Right activists on Friday urged the government to create scopes so that more public buses could ply in the capital and control the movement of private vehicles as well.
They also opposed the plan of the Dhaka Metropolitan Police to gradually ban the movement of rickshaws and CNG-run auto-rickshaws in the major city streets, demanding separate lanes on the roads for these small public vehicles.
The speakers said these at a roundtable jointly organised by the Save Environment Movement and Work for Better Bangladesh Trust at the National Press Club.
In his keynote paper the WBB Trust director, Syed Mahbubul Alam, said 95 per cent commuters of the capital resorted to rickshaws and buses or walked on foot while only around five per cent drove private cars.
Mentioning a recent study titled Pilot Bus Priority Corridor Pre-Feasibility Study, he said every day around 19 lakh people in the Dhaka city commuted by bus. It took a person 77 minutes on average to get on the bus, he added.

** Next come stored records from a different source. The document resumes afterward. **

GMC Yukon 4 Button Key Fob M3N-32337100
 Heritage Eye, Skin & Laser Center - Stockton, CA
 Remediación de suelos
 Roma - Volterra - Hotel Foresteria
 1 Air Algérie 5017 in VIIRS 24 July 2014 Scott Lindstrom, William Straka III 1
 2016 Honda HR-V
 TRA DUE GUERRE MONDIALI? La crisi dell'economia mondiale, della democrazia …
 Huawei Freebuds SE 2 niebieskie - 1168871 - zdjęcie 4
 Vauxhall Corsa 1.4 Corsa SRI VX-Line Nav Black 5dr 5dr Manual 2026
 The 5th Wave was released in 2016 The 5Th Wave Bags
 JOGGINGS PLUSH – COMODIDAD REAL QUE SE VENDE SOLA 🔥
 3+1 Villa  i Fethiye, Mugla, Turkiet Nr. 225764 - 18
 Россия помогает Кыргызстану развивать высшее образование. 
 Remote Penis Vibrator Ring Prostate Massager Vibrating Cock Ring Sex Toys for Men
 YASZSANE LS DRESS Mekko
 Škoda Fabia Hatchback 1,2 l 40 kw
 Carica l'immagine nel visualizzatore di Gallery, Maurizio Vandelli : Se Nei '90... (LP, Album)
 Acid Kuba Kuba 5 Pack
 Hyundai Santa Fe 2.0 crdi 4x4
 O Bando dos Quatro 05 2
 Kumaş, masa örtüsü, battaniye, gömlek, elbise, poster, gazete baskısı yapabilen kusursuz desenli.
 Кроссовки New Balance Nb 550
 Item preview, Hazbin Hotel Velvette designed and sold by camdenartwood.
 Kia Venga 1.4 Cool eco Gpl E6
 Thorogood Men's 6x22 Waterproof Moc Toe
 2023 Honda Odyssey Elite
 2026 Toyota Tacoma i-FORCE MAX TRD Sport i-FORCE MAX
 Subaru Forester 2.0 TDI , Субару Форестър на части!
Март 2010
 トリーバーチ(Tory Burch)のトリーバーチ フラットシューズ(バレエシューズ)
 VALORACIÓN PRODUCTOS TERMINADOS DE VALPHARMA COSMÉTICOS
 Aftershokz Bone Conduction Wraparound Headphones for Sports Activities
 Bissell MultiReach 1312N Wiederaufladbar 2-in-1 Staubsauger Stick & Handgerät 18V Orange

The speakers emphasised that an increased number of buses combined with a controlled movement of private cars was the only solution to the stifling traffic of the Dhaka city.
To ease the traffic congestion they further suggested revision in the existing bus routes with an addition of more such routes, repairs of pavements while building new ones, separate lanes for rickshaws, better training of drivers and better management of the movement of cargo vehicles on the city roads.
In addition, they suggested that the government, to discourage the use of private cars, should increase the price of the compressed natural gas and the parking fees, impose additional taxes on the owners of more than one private car and make more car parks.
Manjurul Ahsan Khan, president of the Communist Party of Bangladesh, Abu Naser Khan, chairman of the Save Environment Movement, Sarwar Jahan, president of the Institute of Planners, Monwar Hossain, former director of the Bangladesh Inland Water Transport Authority, columnist Kamal Lohani, lawmaker Mojibul Haque Chunnu and UNDP official Khandakar Niaz Rahman were present at the programme, among others.